PowerMedium had some sort of network and/or power outage for about an hour from circa 19:20 UTC. We've been working on getting things back online since power and network became available again.
Will post more about cause when we know more.
We've got a guy at the colo helping out and Kyle's in there also. Unless there are other major problems we should be back online soon.
-- brion vibber (brion @ pobox.com)
Brion Vibber wrote:
PowerMedium had some sort of network and/or power outage for about an hour from circa 19:20 UTC. We've been working on getting things back online since power and network became available again.
Will post more about cause when we know more.
Apparently an 800-amp breaker in the main PDU failed.
The database servers are currently starting up; this takes a little while, but hopefully should be all done within the hour.
-- brion vibber (brion @ pobox.com)
Brion Vibber wrote:
Brion Vibber wrote:
PowerMedium had some sort of network and/or power outage for about an hour from circa 19:20 UTC. We've been working on getting things back online since power and network became available again.
Will post more about cause when we know more.
Apparently an 800-amp breaker in the main PDU failed.
The database servers are currently starting up; this takes a little while, but hopefully should be all done within the hour.
-- brion vibber (brion @ pobox.com)
Don't we have some sort of "power failures corrupt absolutely" message to put up for occasions like this? :P
--- Brion Vibber brion@pobox.com wrote:
Brion Vibber wrote:
PowerMedium had some sort of network and/or power outage for about an hour from circa 19:20 UTC. We've been working on getting things back online since power and network became available again.
Will post more about cause when we know more.
Apparently an 800-amp breaker in the main PDU failed.
The database servers are currently starting up; this takes a little while, but hopefully should be all done within the hour.
I thought each db server was on a UPS? If not, then why not? I also thought we had the capability to go read only from the other server farms when the Tampa farm went down. If not, then why not?

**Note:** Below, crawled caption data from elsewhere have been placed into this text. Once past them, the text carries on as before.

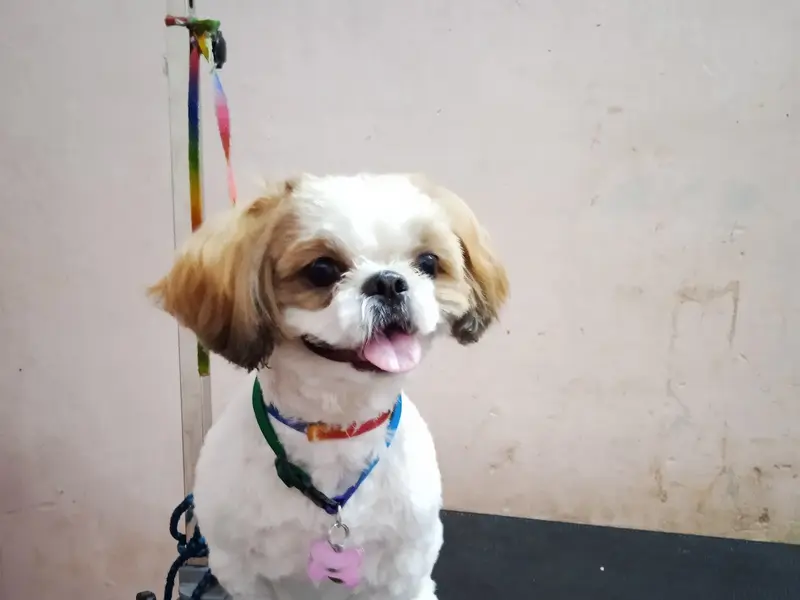 Sreenivasa PET SPA & PARLOUR, photo 2
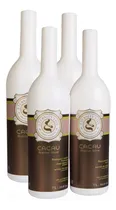 Comprar Combo 4 Tratamentos (passo 2) Eternityliss Cacau 1l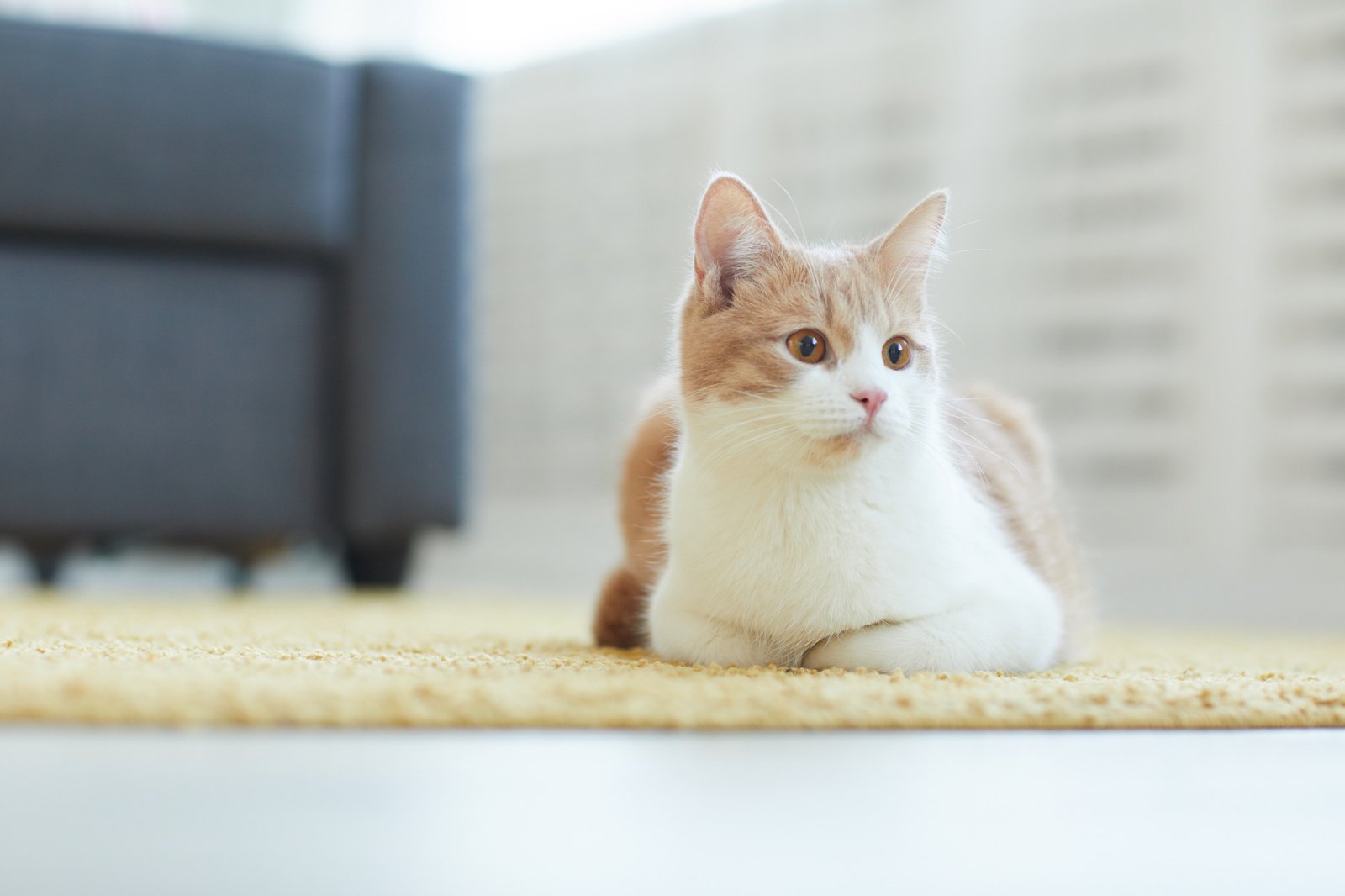 Katze sitzt auf einem Teppich im Wohnzimmer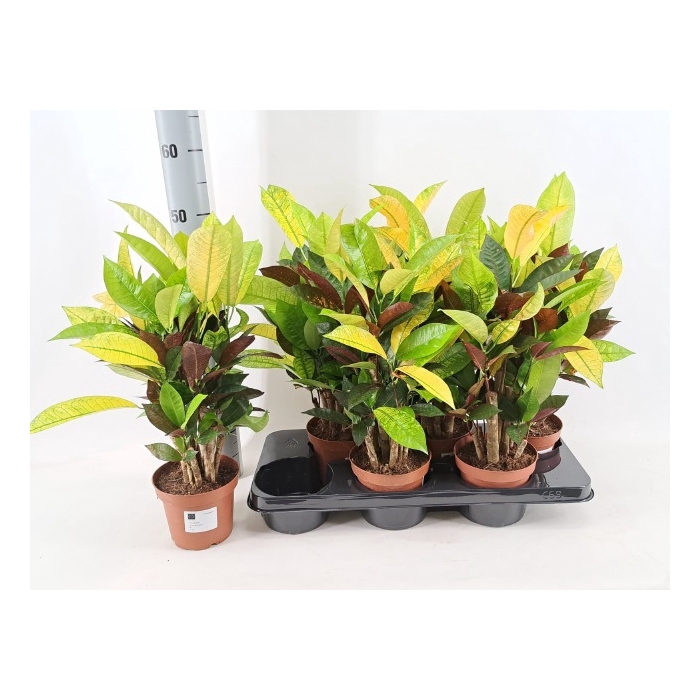 <h4>Codiaeum variegatum Mrs Iceton 13Ø 60cm 1pp</h4>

We are a top 20 website that makes more than enough money to hire enough people to make sure services decay gracefully and to make sure we have adequate redundancy. I'm working on the current year budget. Please start thinking about your staffing and equipment needs for the rest of the year.
-- mav
__________________________________________________ Do You Yahoo!? Tired of spam? Yahoo! Mail has the best spam protection around http://mail.yahoo.com
Daniel Mayer wrote:
I thought each db server was on a UPS? If not, then why not?
As I understand it, our whole rack has two UPSs. The breaker that went is the one that feeds power *from* those UPSs *to* the racks.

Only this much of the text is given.